Daniel Burton Fayerweather was an American leather merchant, philanthropist.
Background
Daniel Burton Fayerweather was born at Stepney, Fairfield County, Connecticut, a son of Lucius and Amelia (Beardsley) Fayerweather. His grandfather, Captan Samuel Fayerweather, was a veteran of the Revolution and the War of 1812. In Daniel’s boyhood his father died and he was bound out to a farmer in the neighborhood.
Education
The work was hard and the boy had practically no opportunity for schooling.
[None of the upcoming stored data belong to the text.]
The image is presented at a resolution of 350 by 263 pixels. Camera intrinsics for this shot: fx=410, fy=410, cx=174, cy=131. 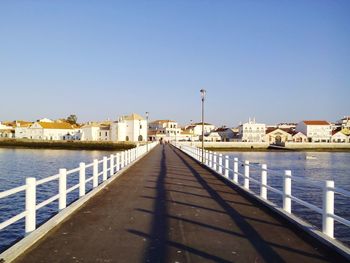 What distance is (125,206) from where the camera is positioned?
440 inches

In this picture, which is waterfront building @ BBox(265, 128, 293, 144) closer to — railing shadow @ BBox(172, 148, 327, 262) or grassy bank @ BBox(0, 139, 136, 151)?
grassy bank @ BBox(0, 139, 136, 151)

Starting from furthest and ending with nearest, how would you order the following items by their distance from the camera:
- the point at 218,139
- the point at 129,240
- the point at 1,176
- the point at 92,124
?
1. the point at 218,139
2. the point at 92,124
3. the point at 1,176
4. the point at 129,240

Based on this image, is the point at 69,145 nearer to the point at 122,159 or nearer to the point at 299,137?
the point at 299,137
So highly did he value education that after he came of age he sought and gained admission to a boys’ boarding school in Connecticut, where the pupils were from five to seven years his juniors (letter of John M. Toucey in Shoe and Leather Reporter, Dec. u, 1890).
Career
Released from his term of service before its completion, he learned shoemaking and was successful in that trade, but because of uncertain health he was in time forced to look elsewhere for employment.
When nothing better offered, he went to Virginia and there engaged in what was called in those days “tin-peddling, ” or selling wares from door to door through the country.
When he could not get cash for his merchandise he took hides in payment and thus made a start in the leather business, from which he was eventually to derive a fortune.
Having recovered his health in the outdoor life which he led in the South, Fayerweather was ambitious to get into the leather trade, but it was not until 1854, when he was thirty-two years of age, that an opportunity of the kind he had been seeking came to him.
He was offered a clerkship in the New York house of Hoyt Brothers which he eagerly accepted, and within one year he was admitted to the firm.
From that time on his rise was steady and significant until his death in 1890, when he was senior partner in the house doing the largest leather business in the United States, if not in the world.
Fayerweather & Ladew had tanneries in Pennsylvania, Maryland, and West Virginia, as well as in New York.
From factories which were operated in New York City an immense output of belting and sole-leather was marketed annually.
His success was based on the strictest integrity and the soundest financing.
He had few rivals, but continually found and exploited new territory.
Achievements
In the wholesale leather district of New York, near the Manhattan and Brooklyn Bridge, he was known to scores of men as “Dan, ” and beyond the bounds of that business district his name was rarely heard or printed, even after he had reached the rank of millionaire.
He quietly sought the counsel of President Roswell D. Hitchcock of Union Theological Seminary, and from October 1884 to November 1890, only three men knew that on the former date Fayerweather had signed a will giving from $50, 000 to $300, 000, as well as additional gifts from the residuary estate, to each of a score of American colleges.
Views
Not one of the men who met Fayerweather from day to day suspected that he was harboring plans of philanthropy on a great scale; most of them underestimated his wealth; and only a few knew of his disposition to give largely of it.
It was also clear that he had made no provision whatever for having his own name perpetuated as a donor, or for restricting the institutions in the use of the funds bestowed.
Connections
A codicil made on the day of his death gave full control of the estate to the executors, who, after providing for his widow, Lucy (Joyce) Fayerweather (1824 - 1892), proceeded to carry out the testator’s bequests to the colleges.